··· Data for this exercise ···

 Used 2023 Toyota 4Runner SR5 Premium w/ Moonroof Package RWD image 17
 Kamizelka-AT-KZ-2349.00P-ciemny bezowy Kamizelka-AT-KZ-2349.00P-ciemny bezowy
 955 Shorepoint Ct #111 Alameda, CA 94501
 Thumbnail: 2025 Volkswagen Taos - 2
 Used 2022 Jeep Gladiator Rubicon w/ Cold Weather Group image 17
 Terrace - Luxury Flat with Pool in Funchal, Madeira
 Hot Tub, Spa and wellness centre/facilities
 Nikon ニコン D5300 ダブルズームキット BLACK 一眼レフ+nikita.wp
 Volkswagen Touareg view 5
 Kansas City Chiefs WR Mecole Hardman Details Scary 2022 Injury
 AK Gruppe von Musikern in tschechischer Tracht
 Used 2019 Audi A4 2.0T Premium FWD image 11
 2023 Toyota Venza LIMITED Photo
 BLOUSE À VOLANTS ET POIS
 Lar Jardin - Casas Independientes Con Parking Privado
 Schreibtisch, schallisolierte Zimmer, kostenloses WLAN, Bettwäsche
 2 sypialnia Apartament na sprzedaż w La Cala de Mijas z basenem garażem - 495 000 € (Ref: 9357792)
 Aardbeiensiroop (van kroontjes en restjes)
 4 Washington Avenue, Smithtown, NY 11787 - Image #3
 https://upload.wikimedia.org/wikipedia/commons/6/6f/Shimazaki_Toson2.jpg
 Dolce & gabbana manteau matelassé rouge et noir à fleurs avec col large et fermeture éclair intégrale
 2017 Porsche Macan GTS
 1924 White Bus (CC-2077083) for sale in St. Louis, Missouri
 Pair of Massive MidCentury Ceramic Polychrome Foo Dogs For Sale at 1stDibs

···

#### [Task to carry out]
Reproduce verbatim the lines above, from the line with "Hot Tub, Spa and wellness centre/facilities" through the line with "2017 Porsche Macan GTS".

#### [Result of this task]
 Hot Tub, Spa and wellness centre/facilities
 Nikon ニコン D5300 ダブルズームキット BLACK 一眼レフ+nikita.wp
 Volkswagen Touareg view 5
 Kansas City Chiefs WR Mecole Hardman Details Scary 2022 Injury
 AK Gruppe von Musikern in tschechischer Tracht
 Used 2019 Audi A4 2.0T Premium FWD image 11
 2023 Toyota Venza LIMITED Photo
 BLOUSE À VOLANTS ET POIS
 Lar Jardin - Casas Independientes Con Parking Privado
 Schreibtisch, schallisolierte Zimmer, kostenloses WLAN, Bettwäsche
 2 sypialnia Apartament na sprzedaż w La Cala de Mijas z basenem garażem - 495 000 € (Ref: 9357792)
 Aardbeiensiroop (van kroontjes en restjes)
 4 Washington Avenue, Smithtown, NY 11787 - Image #3
 https://upload.wikimedia.org/wikipedia/commons/6/6f/Shimazaki_Toson2.jpg
 Dolce & gabbana manteau matelassé rouge et noir à fleurs avec col large et fermeture éclair intégrale
 2017 Porsche Macan GTS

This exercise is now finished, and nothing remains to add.